Now, it’s fair to point out that the incredible volume of postings on these social media sites makes it hard to police each one.

But that incredible volume of postings translates into incredible advertising revenues, and it seems you could hire a proportional number of gatekeepers to maintain some decorum without having to sell off your yachts, or, at least, not all of them.

Nitrozac uses the phrase “little moneygrubbing shits,” and I wouldn’t go quite … well … yeah, okay, in fact, I would.


Happy Father’s Day

I pulled up this Father’s Day cartoon from a half century ago, because Father’s Day cartoons are pretty much the same each year.

Bud Blake stopped drawing Tiger in 2003, two years before his death, but it’s still running, and not in the Vintage section but in the regular funnies with its date and copyright updated.

I had to go through Sunday newspapers of more than 200 pages to find it, which points out the pressure on living cartoonists to find a space for their work. I don’t know many papers that print 200 pages in an entire week anymore.

Tiger was a well-done strip, and, back in 1969, when this strip (first) ran, a necktie was a present a father could use.

I saw a Father’s Day necktie gag in today’s paper, too, however, and, gosh, you might as well give the old man a pair of spats. I realize there are still guys who have to wear ties to work, but it’s a fading fashion.

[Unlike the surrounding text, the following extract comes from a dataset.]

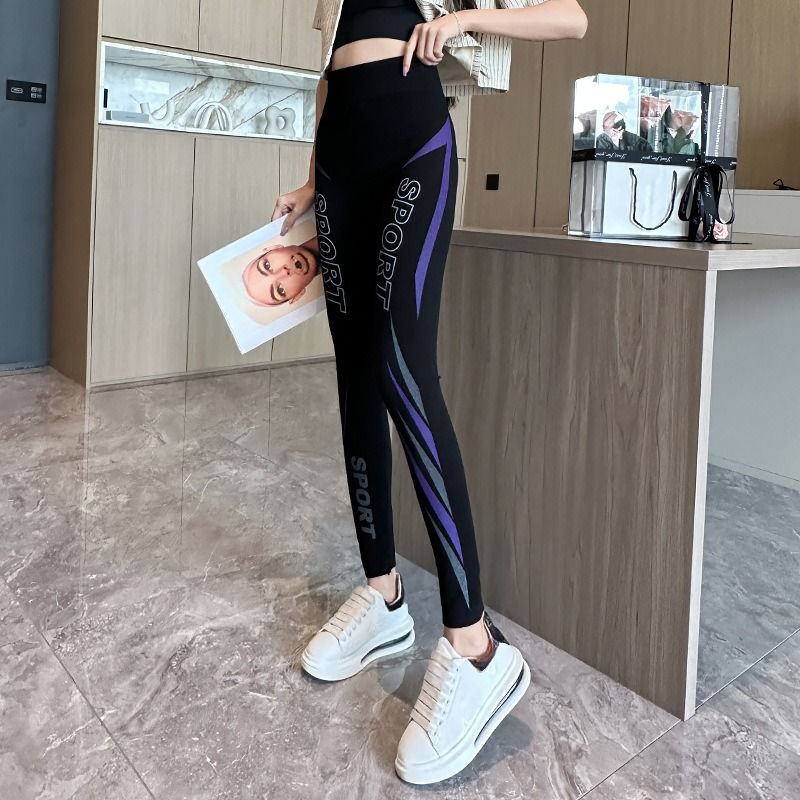 Slimming Striped Leggings For Women - High Waist Yoga Pants With Tummy Control, Casual Athletic Joggers (Thin & Fleece Lined Options)_ecoleips.com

When I moved East in 1987, I was told by my new boss that jackets and ties were required for anyone meeting the public, and, he added, no “dungarees.”

I’d been living out West for 16 years and hadn’t heard the word “dungarees” in all that time, but was used to wearing a tattersall shirt, tweed jacket, knit tie, jeans and boots.

Welcome to the East Coast.

However, in 1999, I took a job at another Eastern paper, but with a publisher from Pocatello, Idaho, and there I kept a jacket and tie in the office for emergencies, and my next paper’s publisher was from Oklahoma, so things didn’t change.

I last wore a tie two years ago, and I’m kind of hoping nobody dies because, if they do, I’m going to have buy a dark suit to go with that old tie. (I realize that hoping nobody dies seems futile.)

But dressing up is admittedly kind of fun, and the less often you do it, the more fun it is when you do. I wore a tux to my younger son’s wedding in 2002, a mere quarter century after the previous time I’d worn one.

Putting on a tux makes me feel like Kid Shelleen.